図1 配列特異的な認識を行なうEprobe
Eprobeはチミン塩基に2つの蛍光色素(Dye)を持つ。今回使用した蛍光色素は、蛍光色が緑色のD514(チアゾールオレンジ)と蛍光色が橙色のD570(チアゾールピンク)。図右上の写真は、励起子相互作用が働いて蛍光発光が抑制されている状態。1本鎖の状態では蛍光を発しないが、ターゲットのDNA配列と2本鎖を形成することによって強い蛍光シグナルを示す。
図2 Eprobe-PCRの概要
Eprobeは温度を下げてプライマーがターゲット配列に結合するアニーリングのステップにおいて、ターゲットのDNA鎖に結合し蛍光シグナルを発する。
図3 Eprobeを用いたリアルタイムPCRでの増幅の定量検出と融解曲線解析
- A.異なる量のDNAに対する増幅曲線。縦軸は蛍光の強さで示されるPCR産物の量、横軸はPCR反応のサイクル数。グラフの各色は、一番左側にある赤線の基準のサンプル量(1.5×108コピー)から10倍ごとの段階希釈を示す。
- B.Aのグラフから読み取ったCt値と、その時のサンプルDNA量の対数を横軸としたグラフ。Ct値からDNAの定量解析が可能であることを示す。
- C.野生型配列のEprobeに対して、野生型(赤)、変異型(黄)、野生と変異のヘテロ型(青)のそれぞれを鋳型とするPCR反応での融解曲線。
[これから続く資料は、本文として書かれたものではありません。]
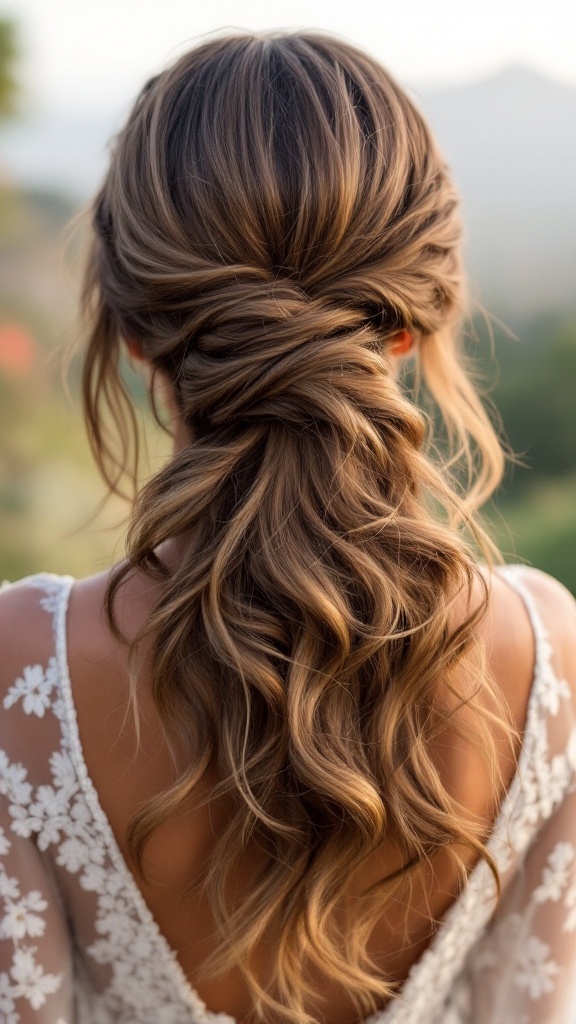 A beautiful side bun with cascading waves hairstyle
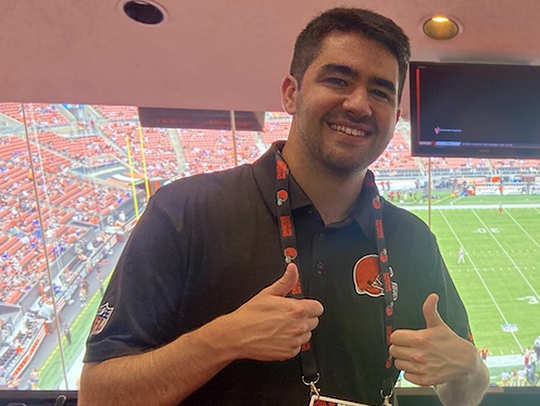 Cole Miller at Huntington Bank Field, home of the Cleveland Browns.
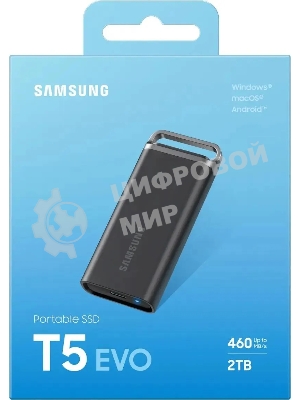 Внешний SSD Samsung T5 EVO, 2TB, USB 3.2 Gen 1 Type-C, R/W 460/460, черный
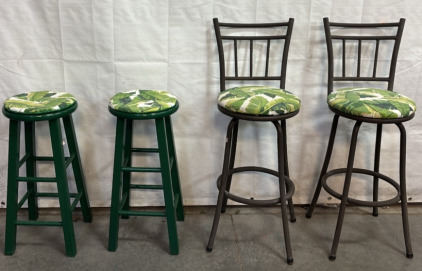 (4) Matching Patterned Barstools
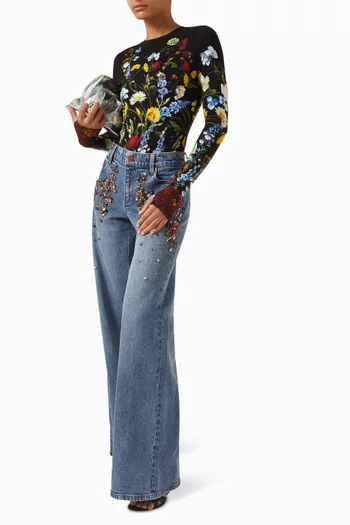 Olea Floral-print Bodysuit in Jersey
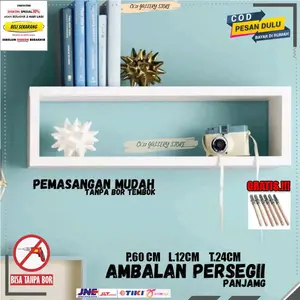 Rak Ambalan Persegi 60x22cm tempat bunga kamar mandi dalam tatakan dinding kebutuhan rumah model 2 Kayu hemat ruang ruang belajar hiasan tahan noda perhiasan garasi tahan korosi kamar tidur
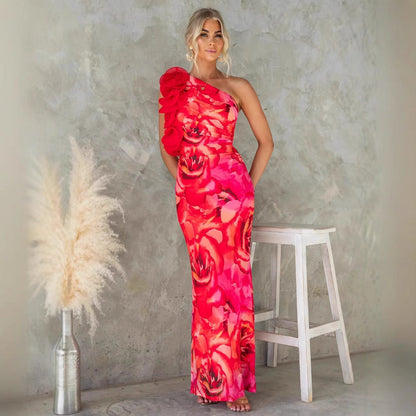 Women’s Midi Dress – Slim Fit – One Shoulder – 3D Floral Accent – Satin Finish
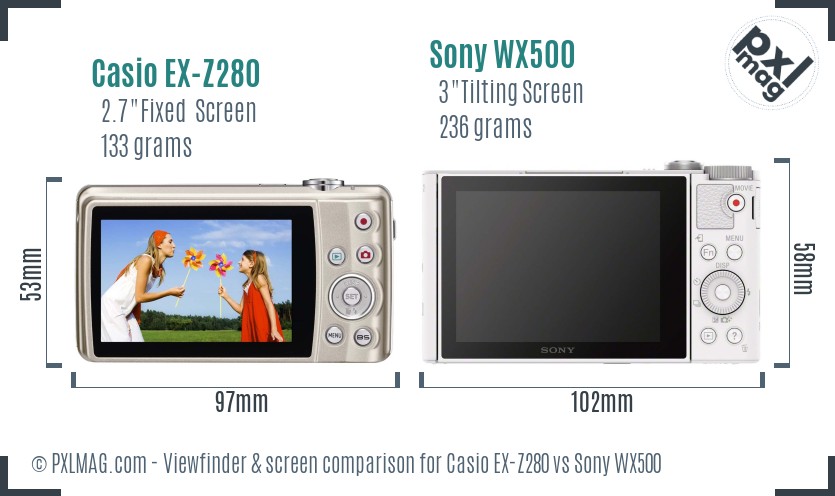 Casio EX-Z280 vs Sony WX500 Screen and Viewfinder comparison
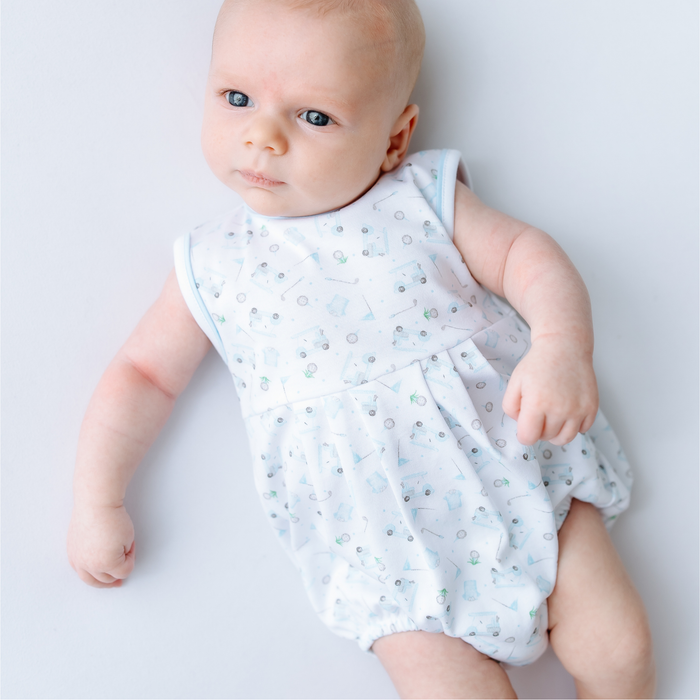Little Golfer Print Bubble - blue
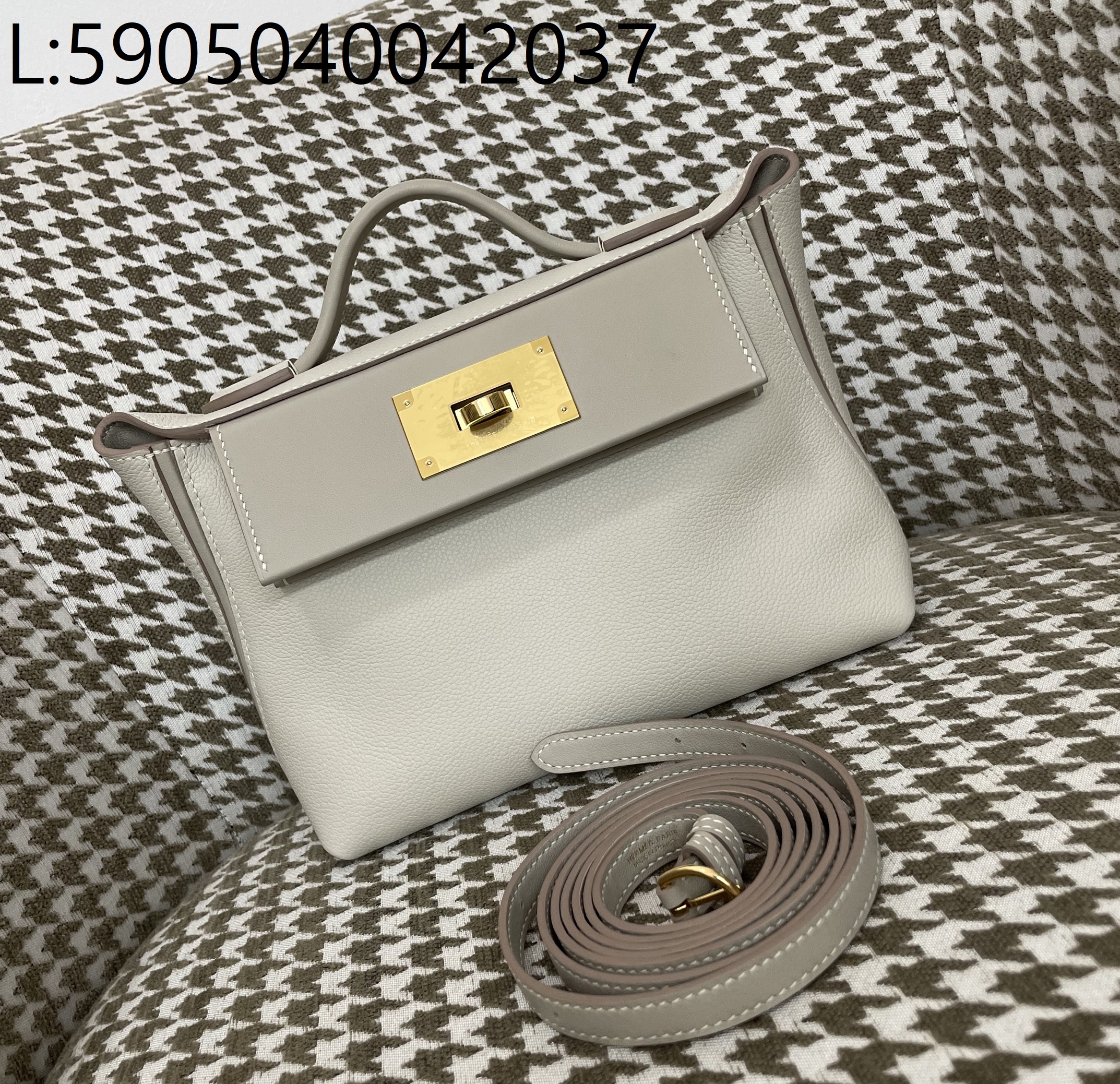 [장인의집,심안공장] 에르메스 2424 미니 금장 배색 회백색  eve/sw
- D.Cを一次微分したデータのグラフ。野生型のDNA配列ではピークが高温側に、変異型の場合にはピークが低温側に出現した。
図4 D514とD570の2つの蛍光色素を用いたEprobeを用いたマルチプレックスPCRの結果
異なる2つの遺伝子配列をターゲットとした解析結果。(A)は増幅曲線、(B)は融解曲線の解析。Eprobeの2つの蛍光色素(D514とD570)、それぞれの増幅曲線及び融解曲線を同時に検出できていることが分かる。これにより、EprobeがマルチプレックスPCRにも応用できることが示された。